Maria Wright and her family had been devoted members of the congregation at St John the Evangelist Church in Ilford for more than four decades, and she began cleaning the church hall seven days a week from 2004.
However, when vicar the Reverend Calvert Prentis joined the parish in 2015 he decided it was not “appropriate” for his church to employ a cleaner.
Mrs Wright appealed to the Bishop of Barking, Peter Hill, who oversees the parish, but he refused to consider her complaint, the tribunal was told.
She was eventually told to leave last March, after being accused by the vicar of claiming money for hours she had not worked.
Judge Moor ruled the vicar had been “too hasty” in accusing Mrs Wright of fraud, and while this was not the reason for her job being terminated, she was treated unfairly “on a human level”.
The judge said: “Fraud is a very serious allegation and should only be made, in my view, after careful consideration, which did not happen here.

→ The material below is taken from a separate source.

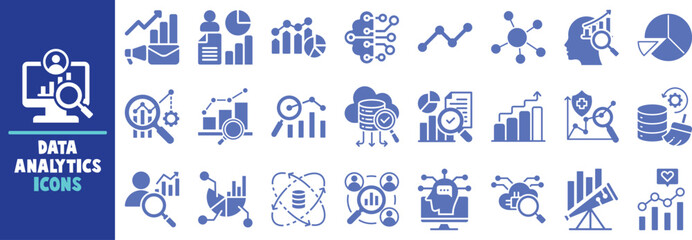 Data analytics icons set business intelligence visualization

I have accepted her evidence that she worked on all days.”
Despite finding in her favour, the tribunal ruled that Mrs Wright cannot be awarded compensation because she was not formally a church employee. The tribunal heard of “ructions” within the community over Mrs Wright’s status, as the new vicar sought to exert his authority. Bishop Hill refused to intervene, saying he was not the vicar’s “line manager” and it was “not legally possible to hear her complaint”.
The judge found that “no reasonable efforts” had been made to deal with Mrs Wright’s grievance, and there was no “potentially fair reason” for terminating her job. “She had provided work to the church for a long time and deserved to be listened to, whether she was an employee or not,” he said.
He concluded: “Regardless of her legal status, it seems to me that, on a human level, Mrs Wright deserved to be heard and it does the parochial council and the diocese no credit that it did not do so.”
Today Mrs Wright told of her hurt but vowed to return to the congregation. “I know I’ve never defrauded the church. I felt really upset that a church I’ve supported all these years has turned like it has.”
“At the beginning I just wanted an apology in front of the congregation … but he wouldn’t say sorry.” A Chelmsford Diocese spokesman said: “The Bishop of Barking was in touch with Mrs Wright in the early months of this difficult situation. He remains willing to continue listening.”
Mr Prentis has since been appointed to a new role in Birmingham and is due to start before Easter.